The waters of Lake Mano are known to be rather impervious to wind. Its surface does occasionally tremble with slight ripples, (some say this is the lake itself quivering, and not an effect of the air), but even on the windiest of days the lake maintains an oddly undisturbed surface.

When he had rowed far out onto the lake he found himself in a seemingly infinite darkness, with only the stars above providing him with enough light to know he was still in the world. As he grew heavy with sleep he remembered, just as he drifted into unconsciousness, that one of the effects of the mermaid hair tincture is that it is a powerful sedative.

Abruptly, but gently, he seemed to awaken, and without even thinking of what he was doing he took off his robe and slipped effortlessly into the water, noticing that the usually cold waters seemed to be no different in temperature from his own body. Moving head first into the depths of the lake he sighed deeply, and felt a marvelous pleasure as he inhaled his first breath of water. His mind was at once vague and uncertain and yet possessed of a clarity he had never before experienced.

He became aware of lights, which, as he attempted to describe them later in his journal he could not to his satisfaction fashion into words. Some light shot through the water like faint darts of lightning in the sky. Others seemed to want to form themselves into something recognizable and seemed on the verge of doing so. But as there were so many of these lights, moving in all directions his focus was constantly flitting amongst them. Far below he could see their source, and he swam toward it. As he neared it it formed in his vision into the shape of a white fish, but, as he says, at the time he had no thought that this must be the Uquad – he only swam closer and deeper, attracted like a moth to a flame.

As he approached the fish it seemed to grow bigger and bigger, and simultaneously became less distinct in its outline, as if it were a ghost. And as he swam he realized that, as he could no longer perceive its boundaries he swam into it, and felt as if it were swallowing him up, though simultaneously, he says, he experienced a great desire to be overwhelmed by it, as if he were a morsel of food whose only desire is to be consumed.

I regret to say that my story must break off here, for according to Irnad’s journal he lost all memory of what happened. When he opened his eyes and found himself floating on his back the next day, he swam to his skiff, got back into it, and putting on his robe rowed back to shore.

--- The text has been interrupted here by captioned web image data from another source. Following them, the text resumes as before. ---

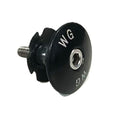 ARANHA DO AHEAD SET COMPLETA COM TAMPA E PARAFUSO WG
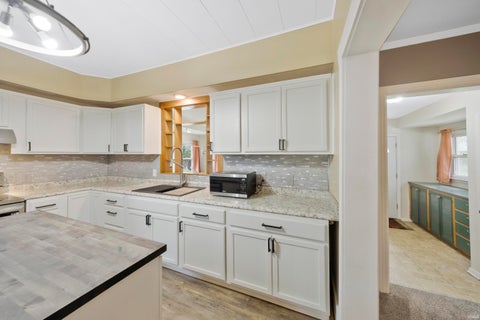 Tiny photo for 131 E Locust Street, Chrisney, IN 47611 (MLS # 202634946)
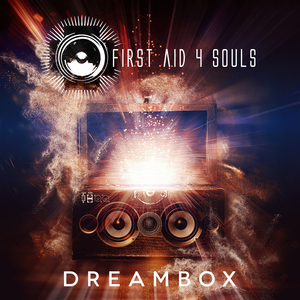 Dreambox (Baldr Mix)
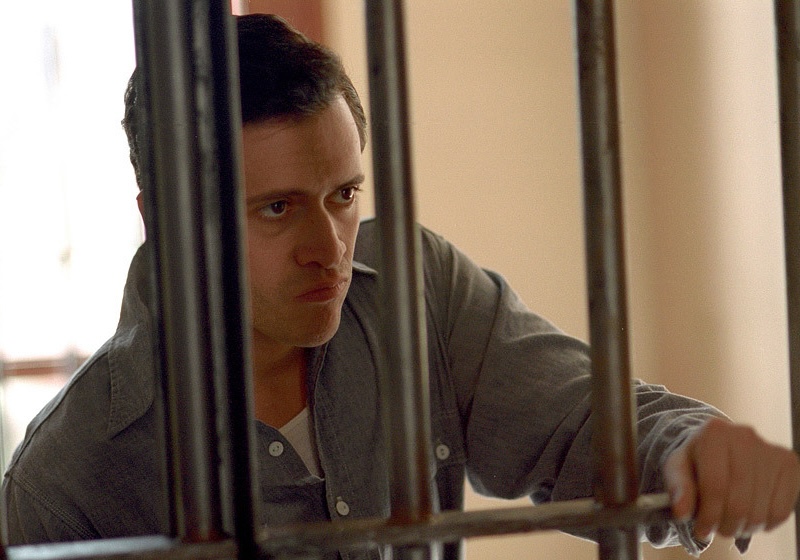 Clifton Collins Jr. in Capote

He says, though, that for years afterward he had occasional dreams of talking to the Uquad, of visiting inside it a kind of library of color, the pages of whose books flowed into each other and whose words incessantly melted, running together to form new ones. Hence his mysterious saying, “the Uquad’s dictionary is infinite. It forms words like dew and evaporate just as readily.”

He also says that after his meeting with the Uquad he ceased to read all books, and, to the great delight of his fellow alchemists, gave all his precious and rare tomes away. When asked why he said, “I now prefer to read auras, which are everywhere. There is no knowledge that cannot be found in light whose rainbows both the ones seen and unseen, shine everywhere.”